Here is the summary of the results and my analysis. Let me try to fix what I can and I'll comment if there are any left that I'm unsure how to fix.
-> this test is trying to make a distinction between FamPlex families and complexes but there's no need to do so, labeling them as Family is good.
-> Here I reviewed MAF yesterday and it is the symbol of a gene so I think it will currently resolve to that instead of a family. There are also changes to the groundings here, for instance, COX4 will now resolve to FamPlex's COX4.

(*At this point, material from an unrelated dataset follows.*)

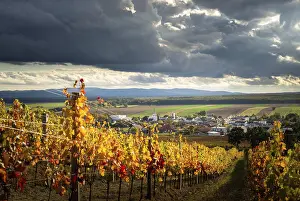 Prints of Dramatic clouds over village of Raiding, birthplace to franz liszt, burgenland with autumn vineyard Franz Liszt Prints: Dramatic Clouds over Raiding Village Print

-> TGFB is a FamPlex family
-> ERbB is actually a family
-> Same as the one before, ERbB is a family
-> SAPK is actually a family |
I fixed almost all the tests and pushed the changes to the bio31 branch of Reach. I have one question though (for the one remaining failure): there is a test for the string "FLOT" with the expectation that it should ground to FamPlex FLOT. The current grounding entries are relevant here:
In PFAM-families.tsv
There is currently nothing for this entity in NER-Grounding-Override.tsv. Why could it be that "FLOT" gets grounded to PF15975 under these circumstances (unless I'm missing something unrelated to the grounding logic)? |
There were a couple of issues:
I had to prioritize FamPlex over the other Family KBs in ReachEntityLookup. Add, a hidden issue, add FamilyOrComplex to the NER list of KBs. Note that these are configured separately because grounding is a different component. Also, the last issue did not impact FLOT because PFAM had the string. But it was a bug nonetheless. FLOT is now correctly grounded. Please check. Is my assumption that FamPlex should be prioritized over PFAM for grounding correct? |
I see, I don't fully understand why FamilyOrComplex comes into the picture though since we decided to put FamPlex entries under Family, and in ner_kb.config, we have:
I thought that what that meant was that ner/Family.tsv.gz would contain entries from both FamPlex and Pfam. So where does ner/FamilyOrComplex.tsv.gz come into the picture? |
You're right. The change in reference.conf is not needed. I suspect FamilyOrComplex.tsv.gz was a left over from a previous version, which confused me. I'll revert that change. |
I just ran the tests again, and I think the reordering of the priority now broke another override test:
I'll look into this and see what needs to be changed. |
Thank you!
…On Mon, Apr 13, 2020 at 11:51 Benjamin M. Gyori ***@***.***> wrote:
I just ran the tests again, and I think the reordering of the priority now
broke another override test:
[info] - should match expected grounding IDs in the text Activin A, Activin AB, Inhibin A, Inhibin B,
[info] AMPK alpha1beta1gamma1, AMPK alpha1beta1gamma2, AMPK alpha1beta1gamma3,
[info] AMPK alpha1beta2gamma1, AMPK alpha1beta2gamma2, AMPK alpha2beta1gamma1,
[info] AMPK alpha2beta2gamma1, AMPK alpha2beta2gamma2, AMPK alpha2beta2gamma3,
[info] AMPK a1b1g1, AMPK a1b1g2, AMPK a1b1g3,
[info] AMPK a1b2g1, AMPK a1b2g2, AMPK a2b1g1,
[info] AMPK a2b2g1, AMPK a2b2g2, AMPK a2b2g3,
[info] alpha1beta1gamma1, alpha1beta1gamma2, alpha1beta1gamma3,
[info] alpha1beta2gamma1, alpha1beta2gamma2, alpha2beta1gamma1,
[info] alpha2beta2gamma1, alpha2beta2gamma2, and alpha2beta2gamma3
[info] are important complexes. *** FAILED *** (10 milliseconds)
[info] false was not true (TestOverrides.scala:188)
I'll look into this and see what needs to be changed.
—
You are receiving this because you were mentioned.
Reply to this email directly, view it on GitHub
<#30 (comment)>,
or unsubscribe
<https://github.com/notifications/unsubscribe-auth/AAI75TUKSMN6UBDKP5I7OB3RMNNJRANCNFSM4MGISRGQ>
.
|
Okay, I pushed a change for that test and now all the Reach tests are passing. |
I confirm that tests pass. I'll release next. |
Bioresources has been released, and the reach branch was merged in master. |
This PR makes several changes to the NER-Grounding-Override.tsv:
(I also added a one-off script to help find these cases automatically).
The PR also updates bio_process.tsv and GO-subcellular-locations.tsv to replace deprecated GO IDs with current ones. (Note that I have been planning to implement a script to fully update these resource files from GO, not just replace the outdated IDs in the old file but this is a good first step for the next release).
@MihaiSurdeanu if you see any surprising effects on the Reach tests you have been updating, let me know.